Auto Tune Models (ATM) is an AutoML system designed with ease of use in mind. In short, you give ATM a classification problem and a dataset as a CSV file, and ATM will try to build the best model it can. ATM is based on a paper of the same name, and the project is part of the Human-Data Interaction (HDI) Project at MIT.
To download ATM and get started quickly, head over to the setup section.
Background¶
AutoML systems attempt to automate part or all of the machine learning pipeline, from data cleaning to feature extraction to model selection and tuning. ATM focuses on the last part of the machine-learning pipeline: model selection and hyperparameter tuning.
Machine learning algorithms typically have a number of parameters (called hyperparameters) that must be chosen in order to define their behavior. ATM performs an intelligent search over the space of classification algorithms and hyperparameters in order to find the best model for a given prediction problem. Essentially, you provide a dataset with features and labels, and ATM does the rest.
Our goal: flexibility and power¶
Nearly every part of ATM is configurable. For example, you can specify which machine-learning algorithms ATM should try, which metrics it computes (such as F1 score and ROC/AUC), and which method it uses to search through the space of hyperparameters (using another HDI Project library, BTB). You can also constrain ATM to find the best model within a limited amount of time or by training a limited amount of total models.

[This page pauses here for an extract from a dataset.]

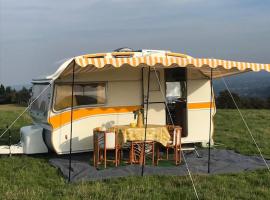 The Mighty Atom - 1976 2 berth Safari Retro Caravan, tented camp en Abergavenny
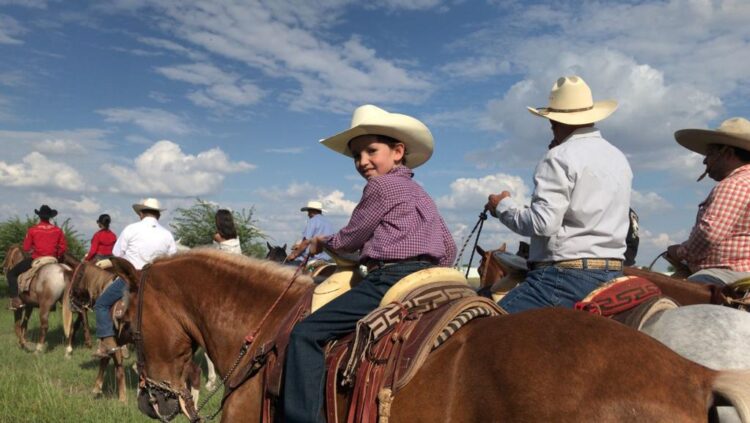 Realizan cabalgata  cívico-militar en Matamoros  “La Gran Fuerza de México”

ATM can be used locally or on a cloud-computing cluster with AWS. Currently, ATM only works with classification problems, but the project is under active development. If you like the project and would like to help out, check out our guide to contributing!
Setup¶
This page will guide you though downloading and installing ATM.
0. Requirements¶
Currently, ATM is only compatible with Python 2.7, 3.5 and 3.6 and *NIX systems.
We also recommend using virtualenv, which you can install as follows.:
$ sudo apt-get install python-pip
$ sudo pip install virtualenv
For development, also git is required in order to download and update the software.
1. Install ATM¶
Install using pip¶
The recommended way to install ATM is using pip inside a dedicated virtualenv:
$ virtualenv atm-env
$ . atm-env/bin/activate
(atm-env) $ pip install atm
Install from source¶
Alternatively, and for development, you can clone the repository and install it from
source by running make install
:
$ git clone https://github.com/hdi-project/atm.git
$ cd atm
$ virtualenv atm-env
$ . atm-env/bin/activate
(atm-env) $ make install
For development, replace the last command with make install-develop
command in order to
also install all the required dependencies for testing and linting.
Note
You will need to execute the command . atm-env/bin/activate
to activate the
virtualenv again every time you want to start working on ATM. You will know that your
virtualenv has been activated if you can see the (atm-env) prefix on your prompt.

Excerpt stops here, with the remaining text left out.